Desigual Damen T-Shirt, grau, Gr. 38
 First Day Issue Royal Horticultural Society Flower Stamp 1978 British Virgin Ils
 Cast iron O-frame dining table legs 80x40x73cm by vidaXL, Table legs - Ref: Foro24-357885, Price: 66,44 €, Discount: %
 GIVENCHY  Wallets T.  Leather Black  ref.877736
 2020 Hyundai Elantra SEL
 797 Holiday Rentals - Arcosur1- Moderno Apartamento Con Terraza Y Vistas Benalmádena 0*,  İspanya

○ ○ ○ ○ ○

• Exercise
Set down, exactly and completely, all of the material.

• Solution to this exercise
Desigual Damen T-Shirt, grau, Gr. 38
 First Day Issue Royal Horticultural Society Flower Stamp 1978 British Virgin Ils
 Cast iron O-frame dining table legs 80x40x73cm by vidaXL, Table legs - Ref: Foro24-357885, Price: 66,44 €, Discount: %
 GIVENCHY  Wallets T.  Leather Black  ref.877736
 2020 Hyundai Elantra SEL
 797 Holiday Rentals - Arcosur1- Moderno Apartamento Con Terraza Y Vistas Benalmádena 0*,  İspanya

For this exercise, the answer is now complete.